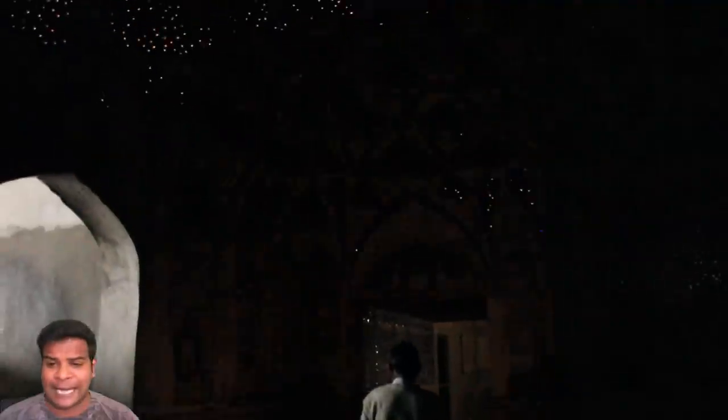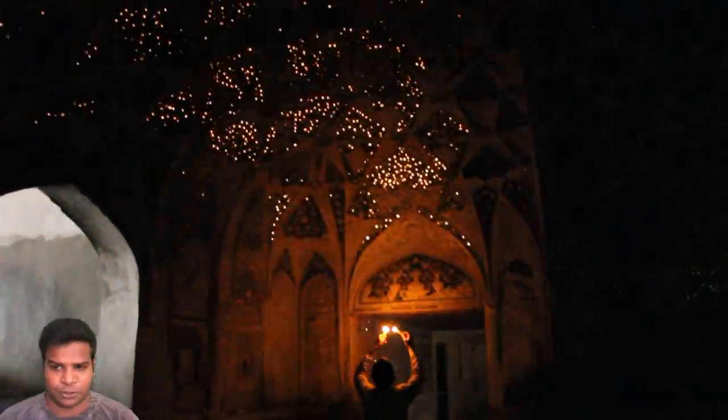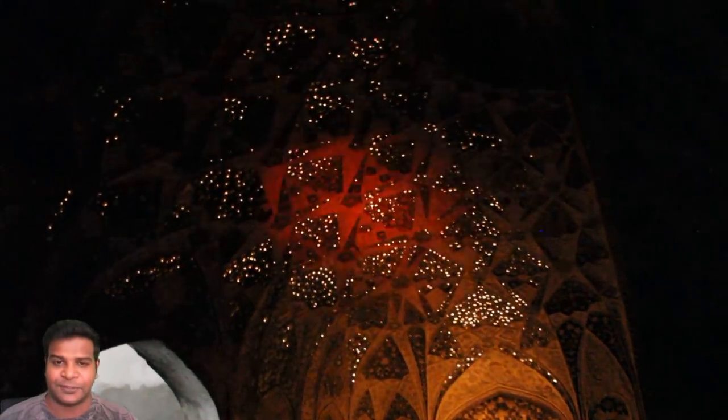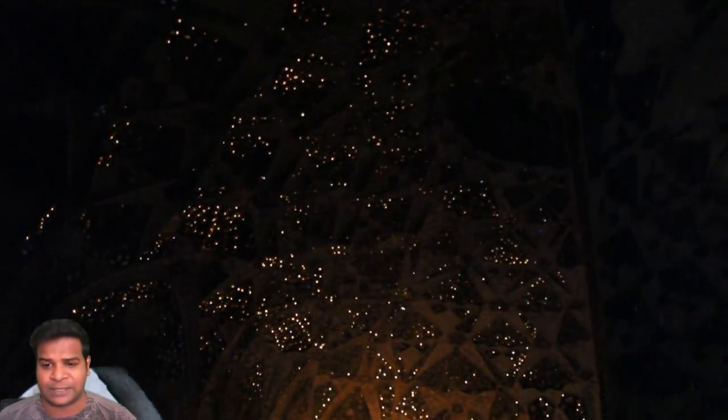If you stand on any corner of the structure and light up candles, you can see these amazing patterns emerging on the ceiling. This is really brilliant, and the reason for this is because the entire ceiling is covered with thousands of tiny mirrors.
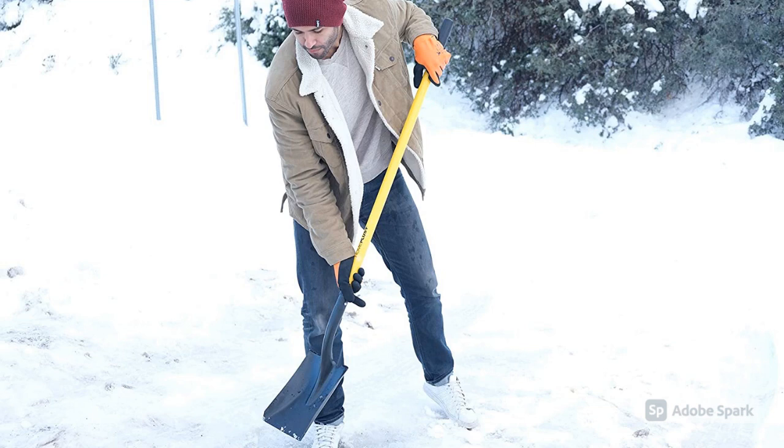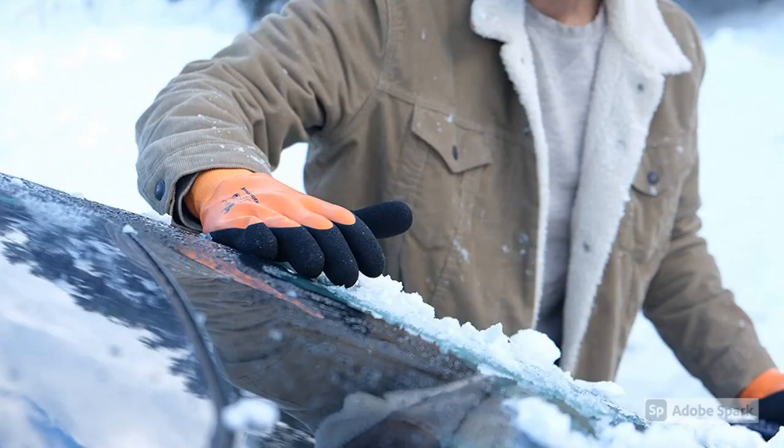Fourth: Unisex Heated Gloves. Now no need to wear thin inner gloves — these insulated work gloves are perfect for your daily use, whether you are driving, riding a motorcycle, or dealing with snow.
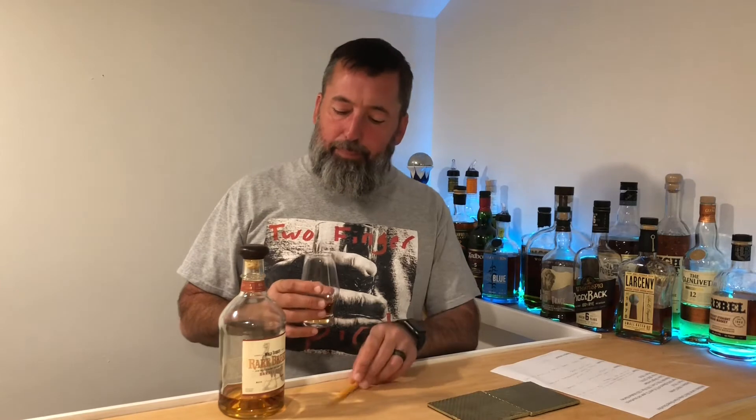It's a great pour. I think it gets overlooked just because it's not the most exciting bottle, not the most exciting label, not the most exciting name. It's kind of a misnomer — they call it Wild Turkey, but no wild turkeys were hurt during the production of this bourbon.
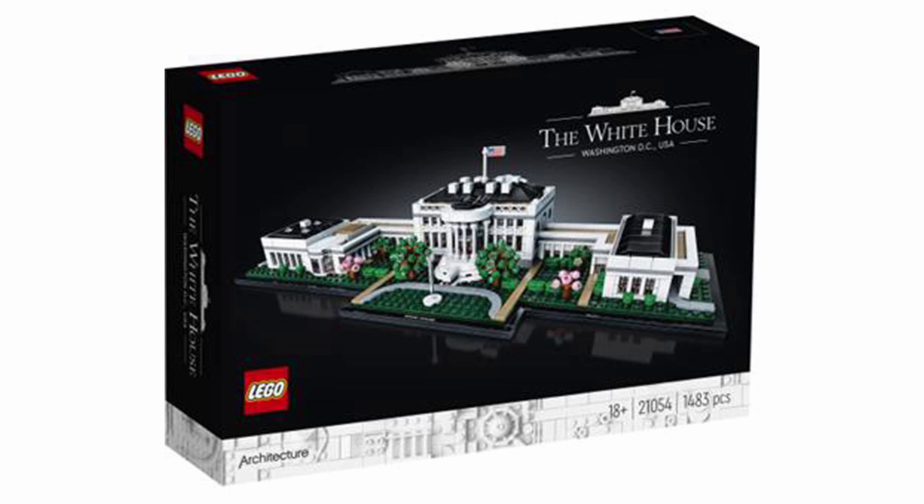The executive residence in the new set looks quite similar to the old version, but it's a bit smaller. The trees in the gardens look much better than the ones found in the old set.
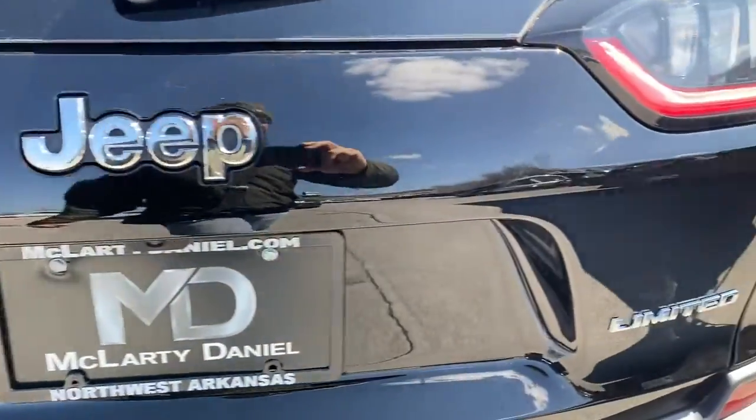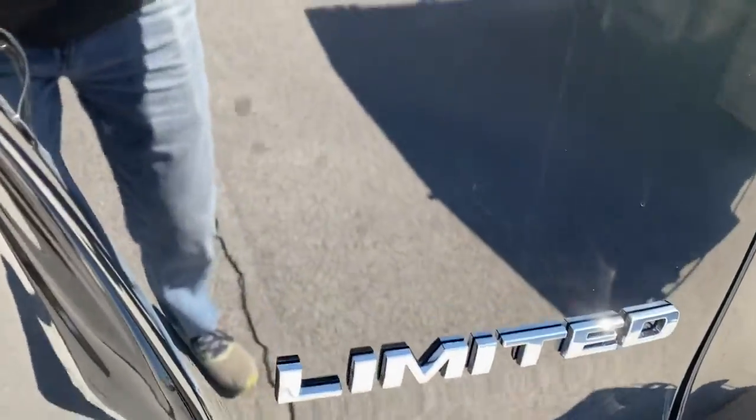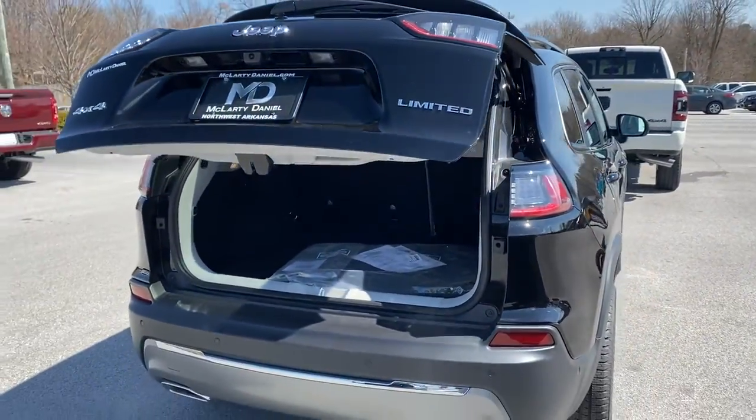Sun, moonroof, navigation system, keyless entry, backup camera, power liftgate, fog lamps.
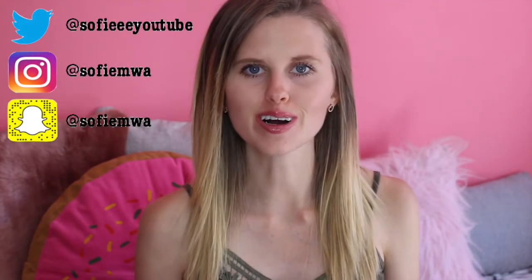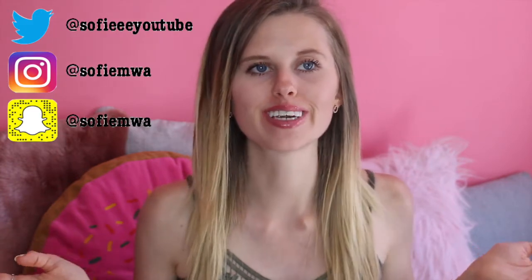Hiya! Welcome back to my channel and welcome to another favourites video. We're now officially halfway through the year — June, with it being the sixth month, my sixth favourites video. How have we got to this point in the year so quickly? Honestly, I have no idea where this year's gone. I feel like we should still be right at the beginning, but somehow we're already halfway through it.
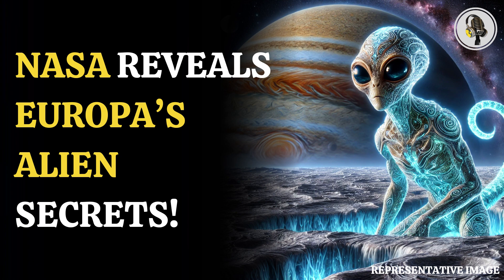Welcome to our podcast, where we cover unique and interesting stories for you. In this episode, we will discuss how Jupiter's moon Europa could reveal alien life.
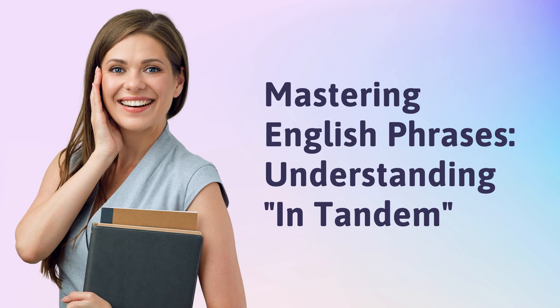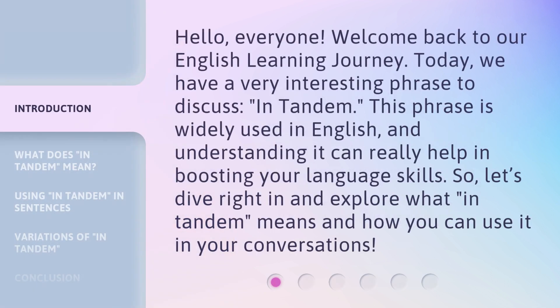Mastering English Phrases: Understanding in Tandem. Hello, everyone. Welcome back to our English learning journey. Today, we have a very interesting phrase to discuss: in tandem. This phrase is widely used in English,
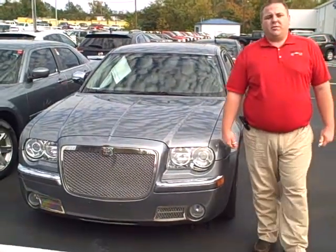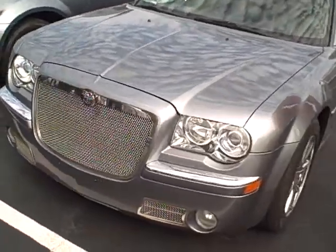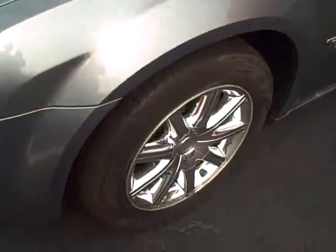Hey, this is Chad Fritsch at Dwayne Taylor Chevrolet and Toyota of Murray. We're here with a very nice 2007 Chrysler 300C — that's right, it's got the Hemi in it.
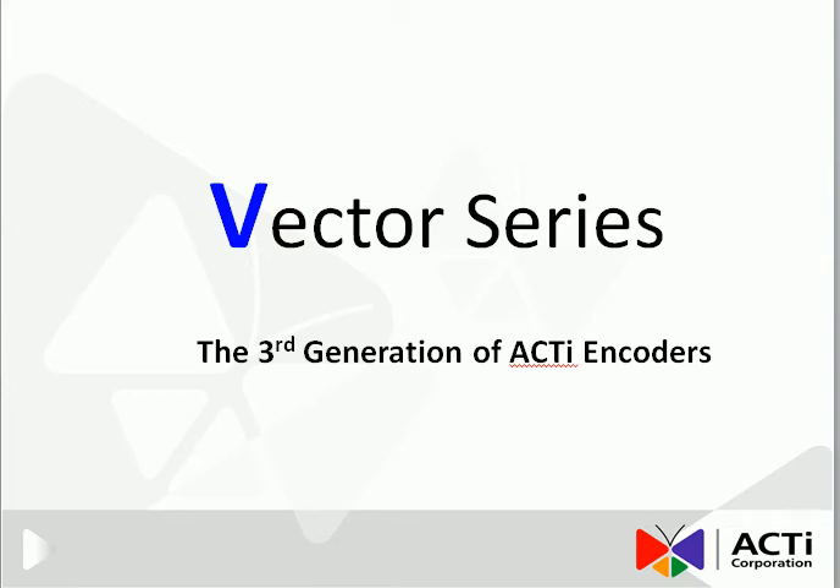Hello everyone. Today we're going to introduce the Vector series, which is the third generation of Acti encoders.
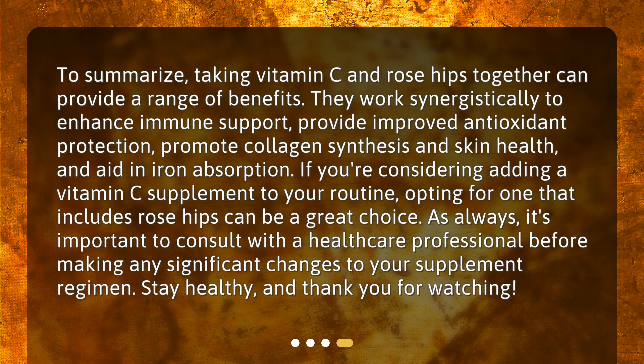To summarize, taking vitamin C and rose hips together can provide a range of benefits. They work synergistically to enhance immune support, provide improved antioxidant protection, promote collagen synthesis and skin health, and aid in iron absorption. If you're considering adding a vitamin C supplement to your routine, opting for one that includes rose hips can be a great choice. As always, it's important to consult with a healthcare professional before making any significant changes to your supplement regimen. Stay healthy, and thank you for watching.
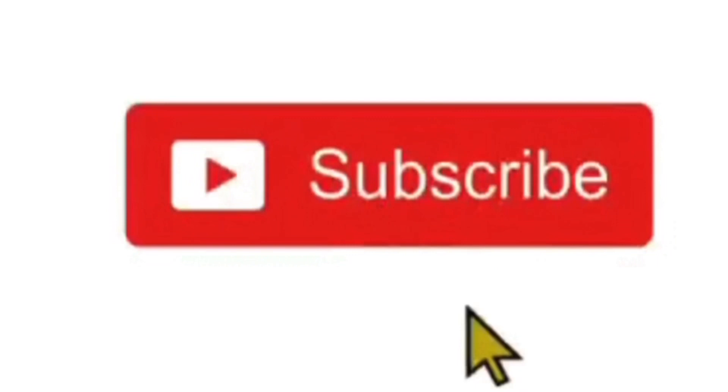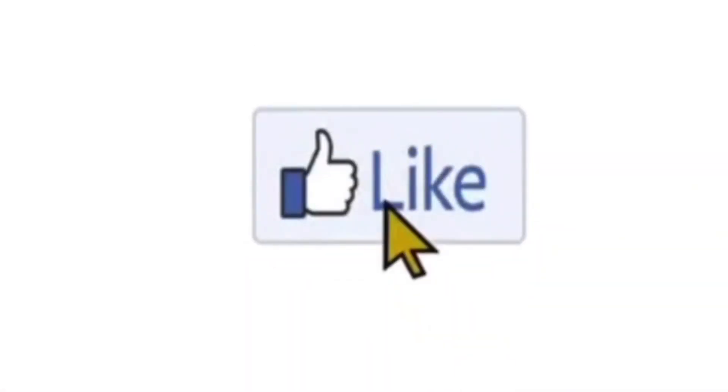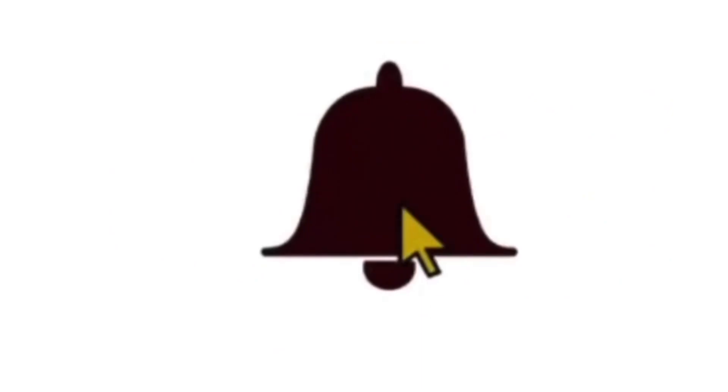Before we get into it, why don't you subscribe to my channel? After this video, if you hate it, you can unsubscribe. Leave a comment, let me know what you think of the review, and go ahead and hit that like button. Let's get on with it.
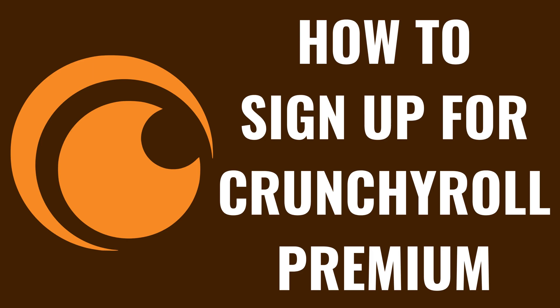I'm Max Dalton, and in this video I'll show you how to sign up for Crunchyroll Premium. If you're an anime fan looking to access the latest episodes, enjoy ad-free streaming, or dive into an extensive library of shows and movies, then Crunchyroll Premium is definitely worth considering.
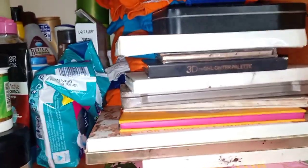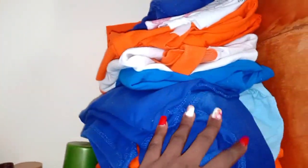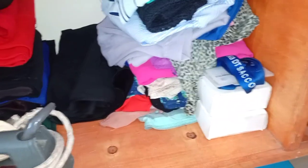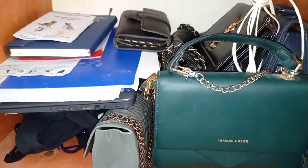My footer and all that, my eyeshadow palettes, highlighter. On the second shelf I've got my business cards right there, and then my t-shirts. I've also got my skirts, tops, and my handbags.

> _About this exercise_
The answer should hold every line of the listing, copied exactly, with no pictures.

> _Answer_
If you stand on any corner of the structure and light up candles, you can see these amazing patterns emerging on the ceiling. This is really brilliant, and the reason for this is because the entire ceiling is covered with thousands of tiny mirrors.
Fourth: Unisex Heated Gloves. Now no need to wear thin inner gloves — these insulated work gloves are perfect for your daily use, whether you are driving, riding a motorcycle, or dealing with snow.
It's a great pour. I think it gets overlooked just because it's not the most exciting bottle, not the most exciting label, not the most exciting name. It's kind of a misnomer — they call it Wild Turkey, but no wild turkeys were hurt during the production of this bourbon.
The executive residence in the new set looks quite similar to the old version, but it's a bit smaller. The trees in the gardens look much better than the ones found in the old set.
Sun, moonroof, navigation system, keyless entry, backup camera, power liftgate, fog lamps.
Hiya! Welcome back to my channel and welcome to another favourites video. We're now officially halfway through the year — June, with it being the sixth month, my sixth favourites video. How have we got to this point in the year so quickly? Honestly, I have no idea where this year's gone. I feel like we should still be right at the beginning, but somehow we're already halfway through it.
Welcome to our podcast, where we cover unique and interesting stories for you. In this episode, we will discuss how Jupiter's moon Europa could reveal alien life.
Mastering English Phrases: Understanding in Tandem. Hello, everyone. Welcome back to our English learning journey. Today, we have a very interesting phrase to discuss: in tandem. This phrase is widely used in English,
Hey, this is Chad Fritsch at Dwayne Taylor Chevrolet and Toyota of Murray. We're here with a very nice 2007 Chrysler 300C — that's right, it's got the Hemi in it.
Hello everyone. Today we're going to introduce the Vector series, which is the third generation of Acti encoders.
To summarize, taking vitamin C and rose hips together can provide a range of benefits. They work synergistically to enhance immune support, provide improved antioxidant protection, promote collagen synthesis and skin health, and aid in iron absorption. If you're considering adding a vitamin C supplement to your routine, opting for one that includes rose hips can be a great choice. As always, it's important to consult with a healthcare professional before making any significant changes to your supplement regimen. Stay healthy, and thank you for watching.
Before we get into it, why don't you subscribe to my channel? After this video, if you hate it, you can unsubscribe. Leave a comment, let me know what you think of the review, and go ahead and hit that like button. Let's get on with it.
I'm Max Dalton, and in this video I'll show you how to sign up for Crunchyroll Premium. If you're an anime fan looking to access the latest episodes, enjoy ad-free streaming, or dive into an extensive library of shows and movies, then Crunchyroll Premium is definitely worth considering.
My footer and all that, my eyeshadow palettes, highlighter. On the second shelf I've got my business cards right there, and then my t-shirts. I've also got my skirts, tops, and my handbags.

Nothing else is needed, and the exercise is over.